The Council of Governors has demanded 42 percent of the RMLF, arguing that the 5 percent proposed under the Kenya Roads (Amendment) Bill 2025 is constitutionally inconsistent and practically inadequate. A High Court ruling in June 2025 declared the exclusion of counties from direct RMLF allocation unconstitutional, prompting the Court of Appeal to give Parliament until July 2026 to amend the law. The outcome of that legislative process will have a direct bearing on the quality of roads in most parts of the country.
What This Means for the Average Kenyan
The revenue collection side of Kenya’s road funding is working. Ksh 119.7 billion in a single financial year is not a small number. The challenge is structural. Too much of that money is pre-committed to obligations from the past, leaving limited room to address the road conditions that motorists, commuters, and goods transporters experience today.

The outstanding government obligation in the roads sub-sector currently stands at approximately Ksh 850 billion, against a 2026/27 budget ceiling of just Ksh 70 billion. The government’s own estimate is that the sector needs approximately Ksh 320 billion annually over three years to fully clear the project backlog. At current allocation levels, that gap will not close any time soon.
The proposed reduction of the Road Annuity Fund contribution from Ksh 3 to Ksh 1.50 per litre would offer modest relief at the pump. Filling a 50-litre tank would cost roughly Ksh 75 less. However, it also raises questions about whether the government can meet existing annuity commitments while simultaneously managing a growing securitised portion of the same levy. These are not abstract fiscal debates. They are decisions that will shape the physical condition of Kenya’s roads for the next ten years.

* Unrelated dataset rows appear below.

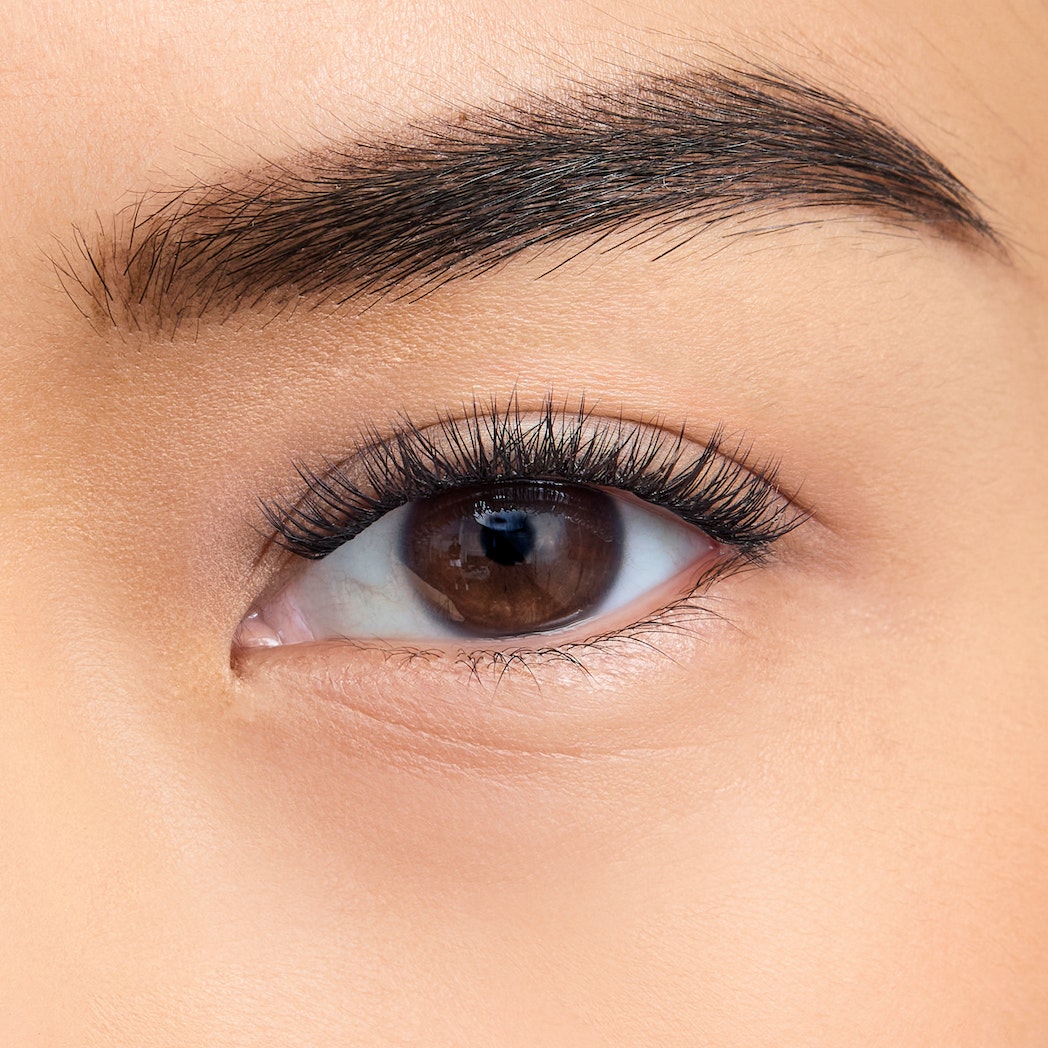 Fluffy Gossamer False Eyelashes - Natural Wispy Lashes for Dramatic Eye Makeup | Perfect for Parties, Weddings & Special Events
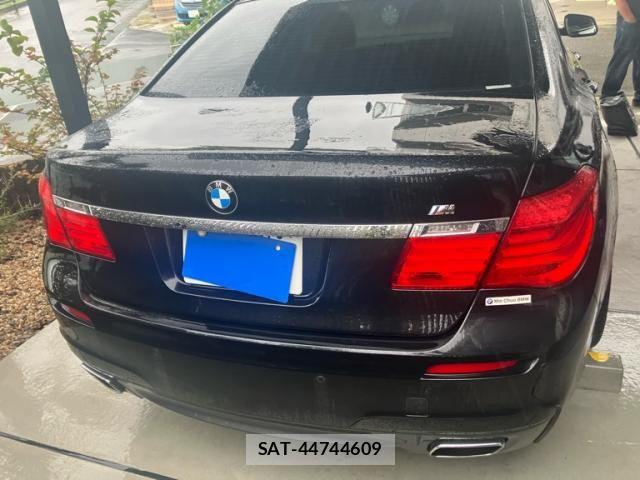 Bmw 7 SERIES 2011-09 8740891-9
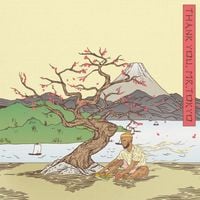 MadeinTYO - Thank You, Mr. Tokyo
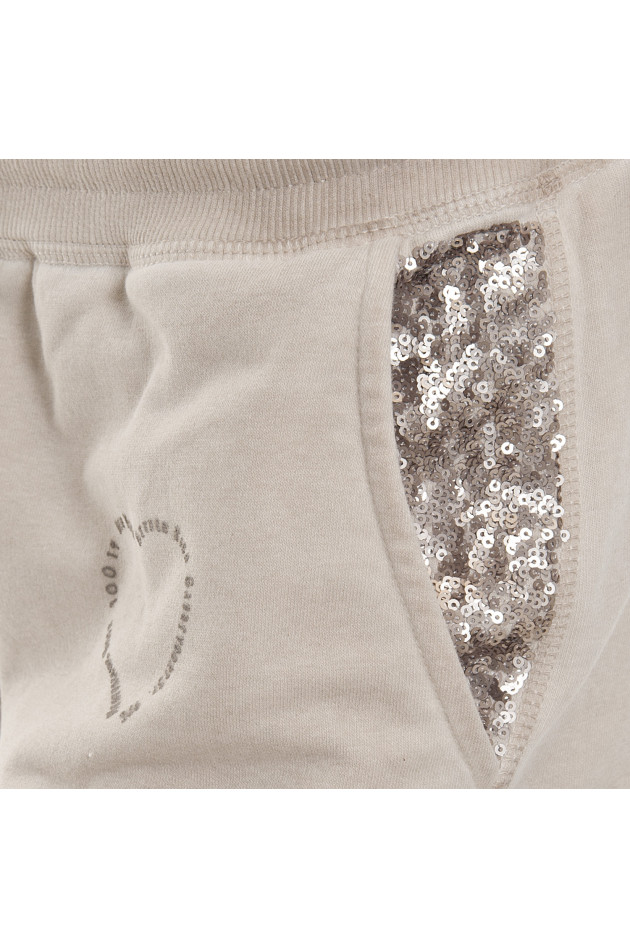 Better Rich Jogginghose in Camel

Frequently Asked Questions (FAQ)
What is the Kenya Road Maintenance Levy?
The Kenya Road Maintenance Levy is a charge of Ksh 25 applied to every litre of petrol and diesel sold in Kenya. Established in 1993, it is collected by the Kenya Roads Board and distributed to KeNHA, KeRRA, and KURA for road construction, rehabilitation, and maintenance.
How much does Kenya collect from the fuel levy each year?
In the financial year ending June 2025, Kenya collected Ksh 119.7 billion through the Road Maintenance Levy Fund. This is the primary dedicated funding stream for road maintenance, separate from the national budget allocation of Ksh 217.3 billion proposed for FY 2025/26.
Why are roads still in poor condition despite the levy collections?
A significant portion of the levy, currently Ksh 12 per litre out of every Ksh 25, has been securitised and pledged to bondholders to repay infrastructure debts. This means much of the collected revenue is servicing past obligations rather than funding current repairs. The mismatch between county road responsibilities and county levy allocations compounds the problem further.
What does securitisation of the road maintenance levy mean?
Securitisation means the government has pledged a portion of future fuel levy collections to investors in exchange for upfront cash. That cash was used to settle verified pending bills owed to road contractors. Currently, Ksh 12 out of every Ksh 25 collected per litre is earmarked for bondholder repayments, a commitment that runs over the next decade.
How much of the RMLF do county governments receive?
Counties received approximately Ksh 6 billion of the Ksh 119.7 billion collected in FY 2024/25, despite managing over 75 percent of the road network. A High Court ruling in June 2025 declared this arrangement unconstitutional, and Parliament has until July 2026 to revise the distribution framework under the Kenya Roads (Amendment) Bill 2025.